Last Report ist eins von den Horrorgames, die sich in einem einzigen Raum abspielen, und deren reduzierte Grafik der Phantasie freien Lauf lässt. Anders als bei actiongeladenen Titeln wie Outlast oder Amnesia bin ich nicht ständig auf der Flucht und hetze durch ein Gebiet nach dem nächsten.
Stattdessen bin ich an meinen Stuhl gefesselt, oft mit dem Blick auf den PC und nicht auf die Fenster meiner kleinen, einfachen Waldhütte, die übrigens auch keinen wirklich überzeugenden Schutz vor dem Grauen da draußen bietet. Was lauert da im Wald? Bin ich in Gefahr? Stecken Menschen hinter der ganzen Sache, oder vielleicht doch etwas ganz anderes?

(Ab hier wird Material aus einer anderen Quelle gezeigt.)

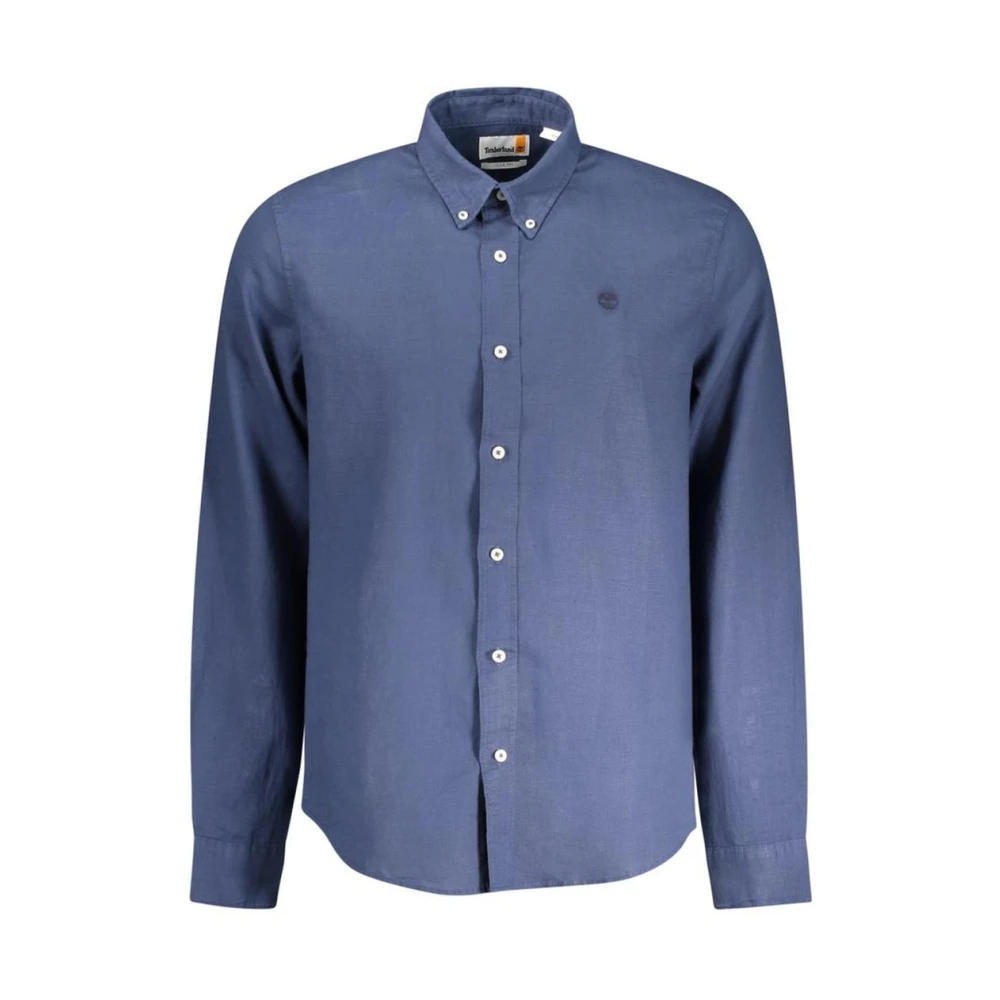 Timberland Uomo Blu Uomini, Camicia, Camicia A Maniche Lunghe Da (S) - Immagine 3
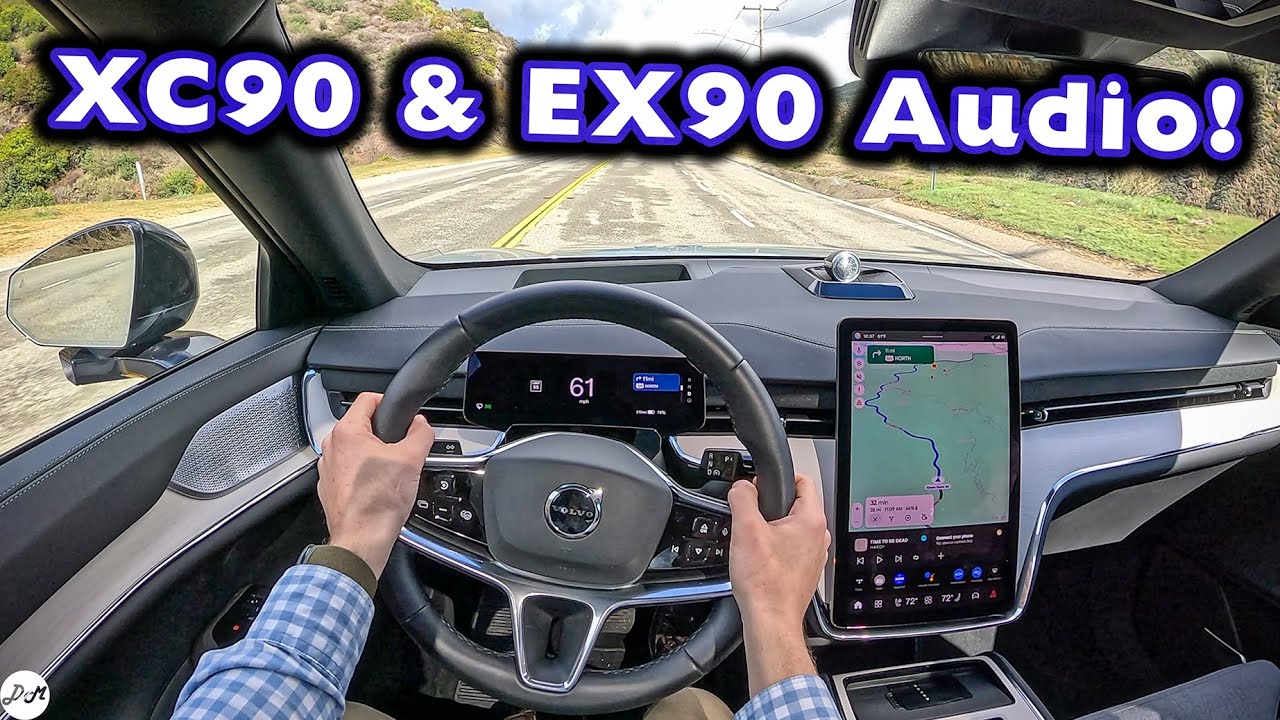 Volvo EX90 vs XC90 Impressions – Bowers & Wilkins Sound Test (Members Only Freebie)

Mit knapp anderthalb Stunden für einen Spieldurchlauf und mehreren Enden startet Last Report langsam, nimmt dann aber ordentlich an Fahrt auf und liefert ein wirklich gutes Ende. Ich will nicht zu viel spoilern, aber die Auflösung passt gut zum Rest des Spiels, auch wenn mir persönlich das Ende fast schon ein bisschen zu plötzlich kam. Ich hätte mich gerne noch ein bisschen weiter gegruselt.
Der Grafikstil ist nicht für jeden was, aber wenn euch die Prämisse interessiert, gibt es gerade eine Gratisdemo auf Steam, mit er ihr ausprobieren könnt, ob der Vibe des Spiels zu euch passt.